### WHAT THE EXERCISE ASKS
Find "Photo of both" in the records that follow; print that line and each subsequent line through the last one, verbatim and with nothing added.
RECORDED INFORMATION Start Marker
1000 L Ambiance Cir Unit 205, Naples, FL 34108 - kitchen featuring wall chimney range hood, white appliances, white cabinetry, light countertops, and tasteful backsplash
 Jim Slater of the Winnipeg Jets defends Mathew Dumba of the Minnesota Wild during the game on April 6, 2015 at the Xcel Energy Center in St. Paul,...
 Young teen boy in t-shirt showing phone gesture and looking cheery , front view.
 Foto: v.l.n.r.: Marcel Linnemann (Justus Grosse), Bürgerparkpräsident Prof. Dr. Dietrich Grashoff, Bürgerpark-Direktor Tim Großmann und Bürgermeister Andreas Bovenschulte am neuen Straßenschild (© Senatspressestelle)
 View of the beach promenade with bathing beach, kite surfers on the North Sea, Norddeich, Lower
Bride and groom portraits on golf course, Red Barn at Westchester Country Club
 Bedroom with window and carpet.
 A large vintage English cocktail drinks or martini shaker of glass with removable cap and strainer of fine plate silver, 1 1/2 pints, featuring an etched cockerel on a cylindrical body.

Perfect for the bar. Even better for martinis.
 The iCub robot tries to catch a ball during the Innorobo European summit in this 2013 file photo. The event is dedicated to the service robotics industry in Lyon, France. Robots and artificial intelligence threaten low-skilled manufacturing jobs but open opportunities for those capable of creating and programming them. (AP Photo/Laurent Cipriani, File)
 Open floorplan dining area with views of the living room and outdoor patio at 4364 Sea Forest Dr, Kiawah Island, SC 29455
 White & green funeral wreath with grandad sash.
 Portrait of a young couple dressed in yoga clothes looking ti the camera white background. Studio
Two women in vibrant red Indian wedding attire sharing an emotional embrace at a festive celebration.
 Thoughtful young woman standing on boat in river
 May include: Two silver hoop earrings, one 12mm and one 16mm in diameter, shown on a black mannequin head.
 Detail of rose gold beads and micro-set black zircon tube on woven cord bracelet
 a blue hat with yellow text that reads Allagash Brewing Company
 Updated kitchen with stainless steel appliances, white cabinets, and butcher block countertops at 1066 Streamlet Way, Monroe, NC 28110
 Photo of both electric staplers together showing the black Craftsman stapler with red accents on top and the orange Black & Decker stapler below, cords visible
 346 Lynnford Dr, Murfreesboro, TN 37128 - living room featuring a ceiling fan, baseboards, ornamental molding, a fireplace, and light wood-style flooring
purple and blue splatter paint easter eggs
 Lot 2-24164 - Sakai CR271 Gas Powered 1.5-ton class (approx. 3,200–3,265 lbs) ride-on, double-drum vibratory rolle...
RECORDED INFORMATION End Marker
### RESULT
 Photo of both electric staplers together showing the black Craftsman stapler with red accents on top and the orange Black & Decker stapler below, cords visible
 346 Lynnford Dr, Murfreesboro, TN 37128 - living room featuring a ceiling fan, baseboards, ornamental molding, a fireplace, and light wood-style flooring
purple and blue splatter paint easter eggs
 Lot 2-24164 - Sakai CR271 Gas Powered 1.5-ton class (approx. 3,200–3,265 lbs) ride-on, double-drum vibratory rolle...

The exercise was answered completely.